**What the task requires**
Copy, word for word, the lines of the entries below between the one with "تعمیرگاه مجاز اجاق" and the one with "儿童扭扭车1一3岁宝宝溜溜车防侧翻大人可骑坐双人婴儿滑行摇摇车详情12", inclusive, and leave out everything else.

**Material for this task**
####################

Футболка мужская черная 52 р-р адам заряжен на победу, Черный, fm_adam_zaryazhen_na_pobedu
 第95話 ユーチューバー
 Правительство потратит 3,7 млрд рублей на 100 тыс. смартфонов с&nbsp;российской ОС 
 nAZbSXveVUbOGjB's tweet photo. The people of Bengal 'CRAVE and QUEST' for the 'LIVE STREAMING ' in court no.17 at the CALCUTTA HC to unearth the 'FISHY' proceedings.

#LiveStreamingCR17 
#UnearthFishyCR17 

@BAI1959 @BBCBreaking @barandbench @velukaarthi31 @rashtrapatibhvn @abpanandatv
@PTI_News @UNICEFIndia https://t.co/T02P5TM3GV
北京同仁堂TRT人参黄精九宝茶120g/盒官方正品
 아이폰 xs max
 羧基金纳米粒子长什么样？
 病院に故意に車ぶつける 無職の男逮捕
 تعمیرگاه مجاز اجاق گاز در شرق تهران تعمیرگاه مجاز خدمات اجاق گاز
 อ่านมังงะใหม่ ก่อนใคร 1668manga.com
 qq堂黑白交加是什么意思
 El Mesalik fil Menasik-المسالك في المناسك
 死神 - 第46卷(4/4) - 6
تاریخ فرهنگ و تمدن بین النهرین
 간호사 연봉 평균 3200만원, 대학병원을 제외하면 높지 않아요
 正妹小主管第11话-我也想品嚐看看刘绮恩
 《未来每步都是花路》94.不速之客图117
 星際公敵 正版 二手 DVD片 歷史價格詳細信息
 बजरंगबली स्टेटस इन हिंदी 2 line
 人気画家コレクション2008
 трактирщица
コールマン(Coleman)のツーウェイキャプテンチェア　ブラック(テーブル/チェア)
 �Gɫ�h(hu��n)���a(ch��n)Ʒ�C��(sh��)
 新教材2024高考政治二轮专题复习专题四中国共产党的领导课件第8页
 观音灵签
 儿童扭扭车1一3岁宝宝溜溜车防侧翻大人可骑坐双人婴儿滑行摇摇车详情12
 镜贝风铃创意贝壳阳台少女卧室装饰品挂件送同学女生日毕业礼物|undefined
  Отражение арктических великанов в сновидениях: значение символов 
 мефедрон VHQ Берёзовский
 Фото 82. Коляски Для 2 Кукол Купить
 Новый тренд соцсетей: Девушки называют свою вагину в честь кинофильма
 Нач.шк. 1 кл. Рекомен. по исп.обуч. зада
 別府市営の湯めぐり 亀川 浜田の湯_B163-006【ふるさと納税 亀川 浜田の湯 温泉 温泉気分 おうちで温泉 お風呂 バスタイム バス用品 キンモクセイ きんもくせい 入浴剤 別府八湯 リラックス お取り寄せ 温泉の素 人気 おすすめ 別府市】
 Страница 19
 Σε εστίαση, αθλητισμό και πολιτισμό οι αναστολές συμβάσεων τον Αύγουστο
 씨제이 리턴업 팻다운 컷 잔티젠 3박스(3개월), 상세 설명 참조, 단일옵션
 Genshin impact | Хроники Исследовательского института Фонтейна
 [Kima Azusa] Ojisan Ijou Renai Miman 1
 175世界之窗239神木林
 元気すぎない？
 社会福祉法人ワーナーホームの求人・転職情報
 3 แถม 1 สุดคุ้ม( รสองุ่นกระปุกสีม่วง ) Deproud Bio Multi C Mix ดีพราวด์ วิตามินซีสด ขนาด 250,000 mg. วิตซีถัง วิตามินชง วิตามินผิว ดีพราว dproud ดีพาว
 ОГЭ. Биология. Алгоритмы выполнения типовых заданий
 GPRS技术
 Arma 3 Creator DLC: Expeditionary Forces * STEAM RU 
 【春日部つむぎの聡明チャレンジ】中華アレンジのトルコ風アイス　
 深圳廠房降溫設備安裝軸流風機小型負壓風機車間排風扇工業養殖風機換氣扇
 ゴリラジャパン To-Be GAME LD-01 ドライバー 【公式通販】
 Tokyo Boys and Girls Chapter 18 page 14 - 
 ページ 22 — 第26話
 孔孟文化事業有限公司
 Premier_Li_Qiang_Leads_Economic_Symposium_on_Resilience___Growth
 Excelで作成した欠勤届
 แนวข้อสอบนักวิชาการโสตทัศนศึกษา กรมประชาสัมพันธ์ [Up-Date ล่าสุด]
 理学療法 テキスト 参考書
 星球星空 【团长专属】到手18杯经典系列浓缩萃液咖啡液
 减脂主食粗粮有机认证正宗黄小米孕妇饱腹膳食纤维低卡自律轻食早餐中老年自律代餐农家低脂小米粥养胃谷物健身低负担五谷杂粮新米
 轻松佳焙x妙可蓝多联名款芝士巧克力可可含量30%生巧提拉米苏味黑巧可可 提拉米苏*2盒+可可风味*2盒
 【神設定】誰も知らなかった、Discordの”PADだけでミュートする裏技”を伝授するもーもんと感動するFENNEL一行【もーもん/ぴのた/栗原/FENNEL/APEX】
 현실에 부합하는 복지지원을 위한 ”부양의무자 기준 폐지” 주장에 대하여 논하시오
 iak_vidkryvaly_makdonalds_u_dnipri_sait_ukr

####################

**Reply to the task**
 تعمیرگاه مجاز اجاق گاز در شرق تهران تعمیرگاه مجاز خدمات اجاق گاز
 อ่านมังงะใหม่ ก่อนใคร 1668manga.com
 qq堂黑白交加是什么意思
 El Mesalik fil Menasik-المسالك في المناسك
 死神 - 第46卷(4/4) - 6
تاریخ فرهنگ و تمدن بین النهرین
 간호사 연봉 평균 3200만원, 대학병원을 제외하면 높지 않아요
 正妹小主管第11话-我也想品嚐看看刘绮恩
 《未来每步都是花路》94.不速之客图117
 星際公敵 正版 二手 DVD片 歷史價格詳細信息
 बजरंगबली स्टेटस इन हिंदी 2 line
 人気画家コレクション2008
 трактирщица
コールマン(Coleman)のツーウェイキャプテンチェア　ブラック(テーブル/チェア)
 �Gɫ�h(hu��n)���a(ch��n)Ʒ�C��(sh��)
 新教材2024高考政治二轮专题复习专题四中国共产党的领导课件第8页
 观音灵签
 儿童扭扭车1一3岁宝宝溜溜车防侧翻大人可骑坐双人婴儿滑行摇摇车详情12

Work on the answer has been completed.